“I’ll take the easiest option please”: Carbon reduction preferences of the public
Sustainability and Resilience Institute Sustainable Development Goals Project Officer Alice Brock, Deputy Director Professor Simon Kemp and Professor Ian have an upcoming publication in the Journal of Cleaner Production; ‘I’ll Take the Easiest Option Please’ Carbon Reduction Preferences of the Public.’ For the first time this study identifies the deep seated preferences of the public in relation to their carbon reduction behaviours and identifies a strong preference in the public for only wanting to take the ‘easy’ options and a resistance to any behaviour change that would have a large impact on their day to day lives.
This study with support of the Southampton City Council People’s Panel explored the carbon reduction behaviour preferences of 381 members of public using an adaptive Pairwise Comparison Multi-Criteria Decision Analysis method PAPRIKA (Potentially All Pairwise RanKings of all possible Alternatives). The PAPRIKA method provides participants with choices between two alternative scenarios, each scenario has desirable and undesirable aspects, participants must make trade-offs between the two to prioritise the options they most prefer. The PAPRIKA method is adaptive, as participants make choices it adapts the alternative scenarios presented to participants to develop a ranking of their preferences.
For this study participants were offered scenarios concerning different types of behaviours they could change to reduce their carbon emissions, these ranged from low life impact behaviours such as changing over all their home lighting to LED lights, to higher life impact options such as changing to a vegan diet.
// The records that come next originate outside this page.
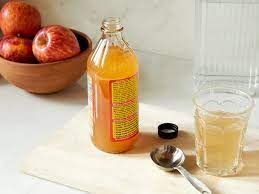 Apple cider vinegar with mother keto - bestellen - forum - bei Amazon - preis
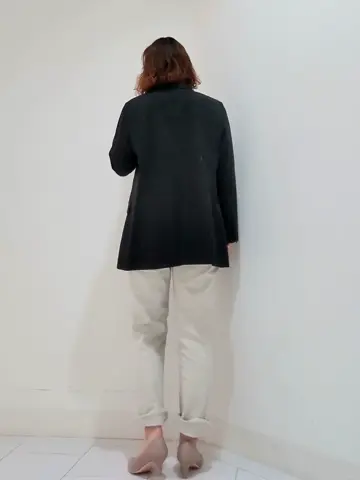 23区 L ナオミ コーディネート画像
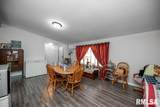 113 Lakepoint Drive - Photo 16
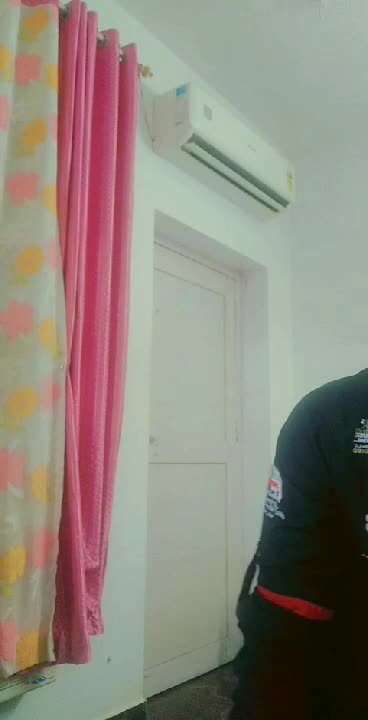 @Tharun Champstar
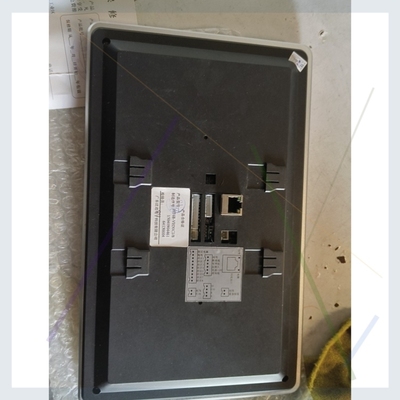 【议价】FARBELL HT-68 泛达 可视对讲 分机 H8 H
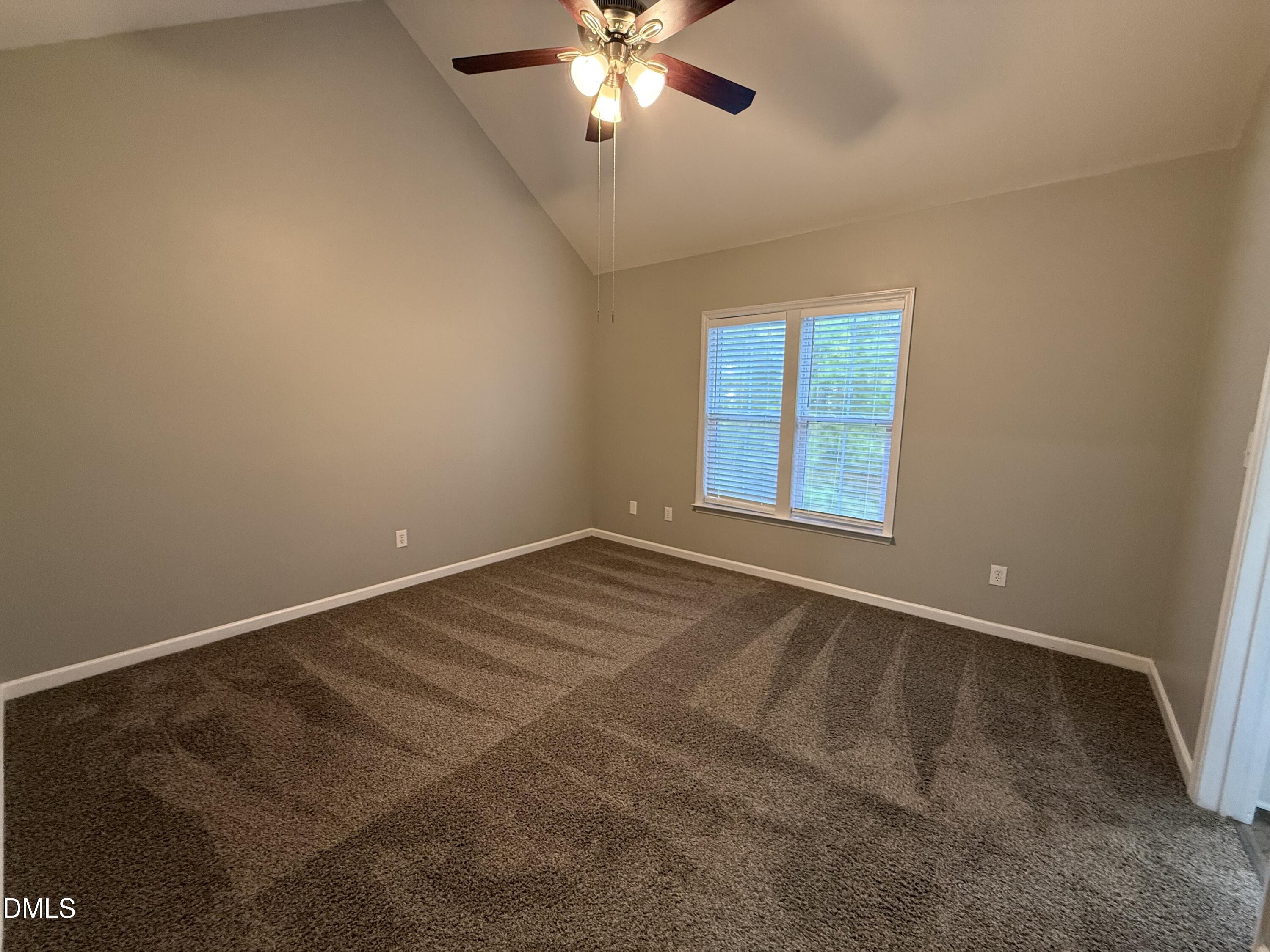 329 Groundsel Place Property Photo 9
These options also varied in the impacts they could have on carbon emission reductions, changing to LED lighting for example has a comparatively low reduction compared to the larger reduction in emissions that would come from changing to a vegan diet.
Demographic and climate change attitude data was also gathered to identify trends within different demographic groups which might identify different needs or preferences, and climate change attitude data was gathered for participants to allow identification in any difference in preference between attitudes such as self-reported opinions on climate change severity as a global issue.
Following statistical analysis of the results this study found that the public significantly preferred more convenient and low impact behavioural changes such as changing their lighting, reducing overseas travel and clothing purchasing to those that would require large changes to their lifestyles such as changing their personal car usage and diet.
Controversially this study found little variation in preferences across demographic groups, all groups would least prefer to change their diet and most preferred to change their lighting behaviour. The only notable variation was that those in lower income brackets would most prefer to reduce their overseas travel behaviour rather than their lighting, likely due to the costs associated with overseas travel. Similar findings were found across climate change attitudes, even those that stated they were highly concerned about climate change and considered it the most pressing global issue still followed the trend of preferring ‘easy’ options rather than those that had a bigger impact on their lives but would have considerably greater carbon emission reductions.
This study provides vital context for those working towards changing the carbon emissions behaviours of the individual. 97% of participants stated that they believed climate change was a fairly serious to extremely serious problem, but this belief and demonstrable awareness of the issue does not translate into a willingness to change the behaviours that would provide the most benefit to tackling climate change.